Hustler Magazine v. Falwell, No. 86-1278

CourtUnited States Supreme Court
Writing for the CourtREHNQUIST, C.J., delivered the opinion of the Court, in which BRENNAN, MARSHALL, BLACKMUN, STEVENS, O'CONNOR, and SCALIA, JJ., joined. WHITE
Citation108 S.Ct. 876,485 U.S. 46,99 L.Ed.2d 41
PartiesHUSTLER MAGAZINE and Larry C. Flynt, Petitioners v. Jerry FALWELL
Docket NumberNo. 86-1278
Decision Date24 February 1988

485 U.S. 46
108 S.Ct. 876
99 L.Ed.2d 41
HUSTLER MAGAZINE and Larry C. Flynt, Petitioners

v.

Jerry FALWELL.

No. 86-1278.
Argued Dec. 2, 1987.
Decided Feb. 24, 1988.
Syllabus

Respondent, a nationally known minister and commentator on politics and public affairs, filed a diversity action in Federal District Court against petitioners, a nationally circulated magazine and its publisher, to recover damages for, inter alia, libel and intentional infliction of emotional distress arising from the publication of an advertisement "parody" which, among other things, portrayed respondent as having engaged in a drunken incestuous rendezvous with his mother in an outhouse.

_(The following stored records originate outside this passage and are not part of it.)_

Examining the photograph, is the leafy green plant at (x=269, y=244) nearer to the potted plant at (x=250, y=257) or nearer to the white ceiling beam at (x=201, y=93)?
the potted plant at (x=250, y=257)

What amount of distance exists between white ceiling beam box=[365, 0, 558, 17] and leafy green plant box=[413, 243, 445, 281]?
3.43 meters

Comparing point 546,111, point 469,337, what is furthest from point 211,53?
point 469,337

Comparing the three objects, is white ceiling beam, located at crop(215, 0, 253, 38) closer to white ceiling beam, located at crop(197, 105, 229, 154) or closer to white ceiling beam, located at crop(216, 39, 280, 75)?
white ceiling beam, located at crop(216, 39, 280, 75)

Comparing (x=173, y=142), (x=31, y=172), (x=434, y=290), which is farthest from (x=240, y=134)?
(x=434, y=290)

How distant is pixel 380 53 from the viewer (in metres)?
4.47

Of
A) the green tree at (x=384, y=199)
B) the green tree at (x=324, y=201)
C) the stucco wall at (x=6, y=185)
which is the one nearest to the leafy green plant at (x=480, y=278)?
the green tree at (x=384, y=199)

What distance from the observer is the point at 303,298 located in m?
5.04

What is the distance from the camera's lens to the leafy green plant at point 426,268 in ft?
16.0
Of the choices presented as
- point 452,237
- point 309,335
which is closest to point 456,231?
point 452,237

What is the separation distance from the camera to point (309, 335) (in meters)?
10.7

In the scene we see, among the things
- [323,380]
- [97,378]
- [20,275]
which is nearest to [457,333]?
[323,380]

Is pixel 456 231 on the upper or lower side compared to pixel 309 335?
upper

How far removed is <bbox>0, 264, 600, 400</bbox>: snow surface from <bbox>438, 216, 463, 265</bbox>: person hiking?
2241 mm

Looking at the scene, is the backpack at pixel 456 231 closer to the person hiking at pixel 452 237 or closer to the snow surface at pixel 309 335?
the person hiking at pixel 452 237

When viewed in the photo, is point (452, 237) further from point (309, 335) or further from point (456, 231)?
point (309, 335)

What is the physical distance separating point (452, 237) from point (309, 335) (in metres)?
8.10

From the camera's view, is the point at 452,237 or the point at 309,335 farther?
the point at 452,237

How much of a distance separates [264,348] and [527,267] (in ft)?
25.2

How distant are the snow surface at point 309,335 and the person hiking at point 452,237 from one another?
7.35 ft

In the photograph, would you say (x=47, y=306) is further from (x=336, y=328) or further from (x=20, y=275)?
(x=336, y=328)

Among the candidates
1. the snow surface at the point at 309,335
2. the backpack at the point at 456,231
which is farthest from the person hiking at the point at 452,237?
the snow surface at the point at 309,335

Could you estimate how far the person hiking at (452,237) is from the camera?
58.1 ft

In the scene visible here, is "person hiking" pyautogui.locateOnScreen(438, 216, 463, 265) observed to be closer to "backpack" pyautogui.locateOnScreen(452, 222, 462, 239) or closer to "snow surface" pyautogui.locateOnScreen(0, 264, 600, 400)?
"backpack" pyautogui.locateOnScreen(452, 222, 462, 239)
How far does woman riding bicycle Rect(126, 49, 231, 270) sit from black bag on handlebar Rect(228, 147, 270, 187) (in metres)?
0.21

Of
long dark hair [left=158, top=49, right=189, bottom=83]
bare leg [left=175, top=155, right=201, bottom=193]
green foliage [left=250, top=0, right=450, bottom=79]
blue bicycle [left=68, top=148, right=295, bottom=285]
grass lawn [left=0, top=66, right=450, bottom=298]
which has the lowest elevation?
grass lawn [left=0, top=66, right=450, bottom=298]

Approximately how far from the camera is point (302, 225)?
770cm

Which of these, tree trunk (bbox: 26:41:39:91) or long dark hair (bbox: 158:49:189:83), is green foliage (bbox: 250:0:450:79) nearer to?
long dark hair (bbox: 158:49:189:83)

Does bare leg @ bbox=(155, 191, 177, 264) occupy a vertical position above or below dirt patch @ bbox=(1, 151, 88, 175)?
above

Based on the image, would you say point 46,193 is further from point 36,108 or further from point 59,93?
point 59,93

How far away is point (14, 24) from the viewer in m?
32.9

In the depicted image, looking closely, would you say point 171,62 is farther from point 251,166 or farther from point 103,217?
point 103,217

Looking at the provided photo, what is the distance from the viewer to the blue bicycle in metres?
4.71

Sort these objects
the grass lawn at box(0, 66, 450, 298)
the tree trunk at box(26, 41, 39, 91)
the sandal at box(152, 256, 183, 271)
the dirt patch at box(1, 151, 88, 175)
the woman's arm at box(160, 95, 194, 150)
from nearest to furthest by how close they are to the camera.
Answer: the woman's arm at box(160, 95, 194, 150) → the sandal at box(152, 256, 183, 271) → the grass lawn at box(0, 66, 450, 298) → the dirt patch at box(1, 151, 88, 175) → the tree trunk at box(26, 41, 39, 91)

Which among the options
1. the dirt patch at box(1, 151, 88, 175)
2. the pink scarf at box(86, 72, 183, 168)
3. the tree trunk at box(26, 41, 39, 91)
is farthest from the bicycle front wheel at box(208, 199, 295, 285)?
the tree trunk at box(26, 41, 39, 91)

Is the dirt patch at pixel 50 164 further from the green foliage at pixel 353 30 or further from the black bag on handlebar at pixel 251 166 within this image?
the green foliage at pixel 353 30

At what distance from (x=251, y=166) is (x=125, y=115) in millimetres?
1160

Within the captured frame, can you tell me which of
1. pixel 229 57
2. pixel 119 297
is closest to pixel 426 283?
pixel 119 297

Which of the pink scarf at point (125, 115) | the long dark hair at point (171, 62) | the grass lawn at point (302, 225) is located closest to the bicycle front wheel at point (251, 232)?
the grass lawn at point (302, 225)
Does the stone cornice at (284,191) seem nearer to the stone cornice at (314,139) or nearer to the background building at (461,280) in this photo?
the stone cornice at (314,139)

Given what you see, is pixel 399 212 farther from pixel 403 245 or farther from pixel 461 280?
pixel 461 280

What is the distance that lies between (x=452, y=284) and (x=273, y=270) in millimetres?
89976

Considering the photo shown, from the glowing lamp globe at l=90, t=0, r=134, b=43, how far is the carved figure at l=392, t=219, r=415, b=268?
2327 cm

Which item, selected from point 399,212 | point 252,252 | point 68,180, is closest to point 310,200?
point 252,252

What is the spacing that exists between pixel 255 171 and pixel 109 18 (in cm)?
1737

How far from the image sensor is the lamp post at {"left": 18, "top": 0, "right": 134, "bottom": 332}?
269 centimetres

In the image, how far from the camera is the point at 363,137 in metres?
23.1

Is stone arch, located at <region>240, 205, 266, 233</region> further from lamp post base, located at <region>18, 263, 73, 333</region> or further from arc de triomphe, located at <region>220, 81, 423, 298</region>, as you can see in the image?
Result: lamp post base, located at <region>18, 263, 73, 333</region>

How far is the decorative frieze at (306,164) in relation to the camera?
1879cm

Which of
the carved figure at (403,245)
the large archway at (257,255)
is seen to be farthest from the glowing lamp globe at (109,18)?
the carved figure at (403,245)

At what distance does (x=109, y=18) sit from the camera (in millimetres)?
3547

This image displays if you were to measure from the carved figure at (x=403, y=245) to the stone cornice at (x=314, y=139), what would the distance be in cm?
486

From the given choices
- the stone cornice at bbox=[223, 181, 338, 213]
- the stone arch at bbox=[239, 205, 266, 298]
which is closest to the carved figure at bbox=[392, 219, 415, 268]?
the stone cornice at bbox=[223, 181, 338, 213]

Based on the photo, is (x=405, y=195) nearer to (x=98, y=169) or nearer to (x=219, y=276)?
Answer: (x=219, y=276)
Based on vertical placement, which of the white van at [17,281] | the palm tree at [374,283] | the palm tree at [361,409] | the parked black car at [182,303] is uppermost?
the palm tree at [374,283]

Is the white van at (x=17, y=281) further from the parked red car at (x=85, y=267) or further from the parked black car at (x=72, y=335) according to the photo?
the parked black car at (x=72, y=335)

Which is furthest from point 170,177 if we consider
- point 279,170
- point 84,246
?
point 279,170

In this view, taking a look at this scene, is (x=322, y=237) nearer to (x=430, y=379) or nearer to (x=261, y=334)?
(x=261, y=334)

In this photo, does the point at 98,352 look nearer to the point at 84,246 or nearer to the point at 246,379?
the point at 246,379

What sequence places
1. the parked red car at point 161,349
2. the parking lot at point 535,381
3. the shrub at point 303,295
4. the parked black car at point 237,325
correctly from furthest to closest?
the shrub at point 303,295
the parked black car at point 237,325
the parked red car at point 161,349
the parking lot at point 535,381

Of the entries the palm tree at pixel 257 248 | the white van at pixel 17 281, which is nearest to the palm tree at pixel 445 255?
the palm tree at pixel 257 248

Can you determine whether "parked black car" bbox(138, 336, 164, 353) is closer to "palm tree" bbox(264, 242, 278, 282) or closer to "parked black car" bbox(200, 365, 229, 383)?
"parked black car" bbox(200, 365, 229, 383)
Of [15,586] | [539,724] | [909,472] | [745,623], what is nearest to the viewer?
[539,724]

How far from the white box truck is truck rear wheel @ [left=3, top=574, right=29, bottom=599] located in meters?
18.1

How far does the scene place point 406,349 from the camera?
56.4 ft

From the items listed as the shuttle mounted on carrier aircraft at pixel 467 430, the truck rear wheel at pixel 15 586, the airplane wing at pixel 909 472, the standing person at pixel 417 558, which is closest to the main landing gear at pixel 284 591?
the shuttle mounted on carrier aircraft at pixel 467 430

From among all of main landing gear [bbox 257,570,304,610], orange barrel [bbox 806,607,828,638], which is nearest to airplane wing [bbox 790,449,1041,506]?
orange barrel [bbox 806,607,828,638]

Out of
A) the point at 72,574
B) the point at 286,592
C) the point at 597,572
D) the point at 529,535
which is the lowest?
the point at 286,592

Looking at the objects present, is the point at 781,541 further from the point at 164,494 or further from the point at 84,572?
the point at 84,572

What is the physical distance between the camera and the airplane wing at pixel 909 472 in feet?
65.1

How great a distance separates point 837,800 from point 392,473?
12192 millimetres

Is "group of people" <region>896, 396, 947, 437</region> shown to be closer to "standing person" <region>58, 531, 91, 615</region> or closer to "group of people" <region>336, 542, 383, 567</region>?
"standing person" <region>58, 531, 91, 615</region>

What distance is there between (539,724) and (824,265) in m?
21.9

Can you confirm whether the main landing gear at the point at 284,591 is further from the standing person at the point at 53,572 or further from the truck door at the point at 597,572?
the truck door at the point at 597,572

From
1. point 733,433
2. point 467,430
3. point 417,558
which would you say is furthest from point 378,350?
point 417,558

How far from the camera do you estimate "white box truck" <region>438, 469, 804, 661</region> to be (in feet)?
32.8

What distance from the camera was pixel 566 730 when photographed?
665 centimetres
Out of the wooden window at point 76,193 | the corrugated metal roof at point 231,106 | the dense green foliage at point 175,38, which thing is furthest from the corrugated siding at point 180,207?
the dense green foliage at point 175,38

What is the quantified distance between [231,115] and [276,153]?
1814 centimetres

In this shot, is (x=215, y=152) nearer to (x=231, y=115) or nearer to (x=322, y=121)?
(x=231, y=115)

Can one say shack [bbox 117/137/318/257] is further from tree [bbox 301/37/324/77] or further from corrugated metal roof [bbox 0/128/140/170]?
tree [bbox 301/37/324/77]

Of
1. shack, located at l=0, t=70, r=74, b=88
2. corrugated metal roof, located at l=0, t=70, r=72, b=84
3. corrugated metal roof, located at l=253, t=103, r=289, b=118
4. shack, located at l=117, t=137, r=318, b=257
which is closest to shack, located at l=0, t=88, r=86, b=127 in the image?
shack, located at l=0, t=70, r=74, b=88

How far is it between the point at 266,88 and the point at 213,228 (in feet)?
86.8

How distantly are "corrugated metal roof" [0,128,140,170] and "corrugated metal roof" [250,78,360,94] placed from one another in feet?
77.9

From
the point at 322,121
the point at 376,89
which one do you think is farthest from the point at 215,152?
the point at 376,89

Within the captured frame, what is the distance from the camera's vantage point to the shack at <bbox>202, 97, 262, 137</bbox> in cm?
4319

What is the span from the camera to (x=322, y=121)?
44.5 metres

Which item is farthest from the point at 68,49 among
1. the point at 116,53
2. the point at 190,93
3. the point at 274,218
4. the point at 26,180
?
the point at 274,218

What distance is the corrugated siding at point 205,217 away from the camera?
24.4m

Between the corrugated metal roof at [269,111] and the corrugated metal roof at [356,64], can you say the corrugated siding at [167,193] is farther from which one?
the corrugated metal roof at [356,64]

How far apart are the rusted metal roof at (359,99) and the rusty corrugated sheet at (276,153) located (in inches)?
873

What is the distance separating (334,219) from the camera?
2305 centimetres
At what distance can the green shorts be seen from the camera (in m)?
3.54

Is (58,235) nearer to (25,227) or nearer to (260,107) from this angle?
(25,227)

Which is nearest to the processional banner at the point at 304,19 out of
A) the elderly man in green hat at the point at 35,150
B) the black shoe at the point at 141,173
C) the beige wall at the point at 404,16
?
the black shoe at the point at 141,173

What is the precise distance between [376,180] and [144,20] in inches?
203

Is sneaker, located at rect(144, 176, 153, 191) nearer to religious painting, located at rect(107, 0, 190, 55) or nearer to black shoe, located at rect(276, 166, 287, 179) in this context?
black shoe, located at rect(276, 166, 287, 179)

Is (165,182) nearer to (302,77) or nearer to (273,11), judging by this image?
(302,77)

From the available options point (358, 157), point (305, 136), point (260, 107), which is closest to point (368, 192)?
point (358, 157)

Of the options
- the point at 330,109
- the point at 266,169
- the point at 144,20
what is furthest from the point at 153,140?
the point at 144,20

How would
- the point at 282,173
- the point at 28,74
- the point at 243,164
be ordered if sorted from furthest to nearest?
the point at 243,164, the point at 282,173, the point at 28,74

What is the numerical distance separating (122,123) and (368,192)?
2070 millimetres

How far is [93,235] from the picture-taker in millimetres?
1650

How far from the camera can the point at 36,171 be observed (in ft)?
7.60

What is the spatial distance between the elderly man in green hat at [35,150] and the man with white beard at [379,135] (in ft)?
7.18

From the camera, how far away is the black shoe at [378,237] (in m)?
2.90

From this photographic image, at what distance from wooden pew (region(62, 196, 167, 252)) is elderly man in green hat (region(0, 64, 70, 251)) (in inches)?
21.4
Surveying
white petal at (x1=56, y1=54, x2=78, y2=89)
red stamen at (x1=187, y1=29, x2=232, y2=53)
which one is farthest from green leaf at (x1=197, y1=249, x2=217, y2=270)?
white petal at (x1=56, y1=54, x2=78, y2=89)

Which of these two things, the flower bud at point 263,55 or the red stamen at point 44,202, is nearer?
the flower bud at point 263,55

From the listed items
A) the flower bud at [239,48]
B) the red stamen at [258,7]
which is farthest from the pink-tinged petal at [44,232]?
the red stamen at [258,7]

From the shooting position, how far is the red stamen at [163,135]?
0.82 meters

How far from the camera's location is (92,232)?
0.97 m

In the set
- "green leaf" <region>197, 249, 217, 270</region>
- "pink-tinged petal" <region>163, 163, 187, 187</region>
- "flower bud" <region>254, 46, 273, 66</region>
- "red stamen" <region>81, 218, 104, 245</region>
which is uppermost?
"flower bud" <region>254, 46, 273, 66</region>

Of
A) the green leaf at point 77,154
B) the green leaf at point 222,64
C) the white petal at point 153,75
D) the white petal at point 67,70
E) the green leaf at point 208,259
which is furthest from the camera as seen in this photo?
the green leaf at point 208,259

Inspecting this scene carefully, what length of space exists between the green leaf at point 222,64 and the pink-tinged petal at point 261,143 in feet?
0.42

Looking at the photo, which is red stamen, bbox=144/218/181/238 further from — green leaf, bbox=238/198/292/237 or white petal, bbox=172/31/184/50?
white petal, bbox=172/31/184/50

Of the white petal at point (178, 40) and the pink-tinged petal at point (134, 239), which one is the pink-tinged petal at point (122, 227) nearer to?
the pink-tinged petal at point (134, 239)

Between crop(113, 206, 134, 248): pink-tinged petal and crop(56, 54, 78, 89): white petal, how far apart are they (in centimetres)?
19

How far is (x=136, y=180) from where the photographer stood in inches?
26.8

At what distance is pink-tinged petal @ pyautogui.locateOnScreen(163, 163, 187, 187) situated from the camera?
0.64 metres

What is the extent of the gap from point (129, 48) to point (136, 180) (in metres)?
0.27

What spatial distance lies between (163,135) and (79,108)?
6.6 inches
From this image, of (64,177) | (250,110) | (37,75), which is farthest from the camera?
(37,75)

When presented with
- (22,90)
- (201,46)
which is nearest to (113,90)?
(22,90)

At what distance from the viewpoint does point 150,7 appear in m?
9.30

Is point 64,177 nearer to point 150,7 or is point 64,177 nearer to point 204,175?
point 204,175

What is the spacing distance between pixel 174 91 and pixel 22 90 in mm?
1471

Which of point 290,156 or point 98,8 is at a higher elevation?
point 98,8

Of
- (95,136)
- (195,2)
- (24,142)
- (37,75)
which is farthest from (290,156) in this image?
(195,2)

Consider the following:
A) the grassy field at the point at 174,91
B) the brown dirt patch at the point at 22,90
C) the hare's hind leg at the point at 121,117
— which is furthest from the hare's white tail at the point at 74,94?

The jury found against respondent on the libel claim, specifically finding that the parody could not "reasonably be understood as describing actual facts . . . or events," but ruled in his favor on the emotional distress claim, stating that he should be awarded compensatory and punitive damages. The Court of Appeals affirmed, rejecting petitioners' contention that the "actual malice" standard of New York Times Co. v. Sullivan, 376 U.S. 254, 84 S.Ct. 710, 11 L.Ed.2d 686 must be met before respondent can recover for emotional distress. Rejecting as irrelevant the contention that, because the jury found that the parody did not describe actual facts, the ad was an opinion protected by the First Amendment to the Federal Constitution, the court ruled that the issue was whether the ad's publication was sufficiently outrageous to constitute intentional infliction of emotional distress.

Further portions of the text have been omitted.